Liebevoll angeschaut zu werden – das bleibt ein tiefes menschliches Grundbedürfnis – ein Leben lang. Dass jemand uns ansieht und wahrnimmt, dass wir „Ansehen“ haben – ohne diese Erfahrung können wir uns als Person- nicht entfalten. Wir brauchen ein Du, um ich werden zu können. Wie  wir angesehen werden, so schätzen wir uns selbst ein. Das gilt im Guten wie im Schlechten. Und wir können umgekehrt auch anderen Menschen Ansehen geben: wenn wir sie bewusst wahrnehmen, ihnen offen in die Augen schauen, uns für sie interessieren, und ihnen deutlich zeigen, was wir an ihnen schätzen.

In der Bibel wird von vielen Menschen erzählt, die genau das erfahren haben, als sie Jesus begegnet sind. Es waren häufig Menschen, die zuvor kaum ein Ansehen hatten, die missachtet waren. Ich denke an den korrupten Zolleinnehmer Matthäus oder die stadtbekannte Hure, die Jesus die Füße wäscht. Die beiden und viele andere hat Jesus als Person wahrgenommen und angeschaut – Er hat sie trotz ihrer offensichtlichen Defizite und Sünden nicht verachtet und abgestempelt – sondern angenommen und geliebt. Das war für sie eine Erfahrung, die ihrem Leben eine neue Wendung gegeben hat.
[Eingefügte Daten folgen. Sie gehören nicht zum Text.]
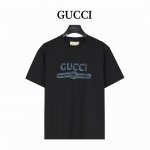 gucci 古驰 幻彩重影Logo印花短袖T恤 26支双纱面料克重260克纯棉重磅营造的 纺织密度高 垂感佳 不易变形 厚织感加上紧密纺纱工艺 不会影响Tee的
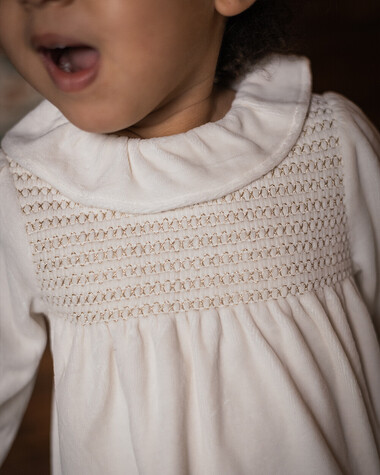 Pyjama deux pi&egrave;ces en velours smock&eacute; Coloris &eacute;cru  Natalys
Liebevoll angeschaut zu werden – das kann auch eine religiöse Erfahrung sein. Gott schaut uns liebevoll an. Jeden einzelnen. Das kommt besonders schön im so genannten aaronitischen Segen zum Ausdruck. „Der Herr segne dich und behüte dich. Er lasse sein Antlitz über dir leuchten und sei dir gnädig. Er wende dir sein Angesicht zu und schenke dir Frieden.“ Ein Zuspruch, mit dem der Tag heute gut beginnen kann.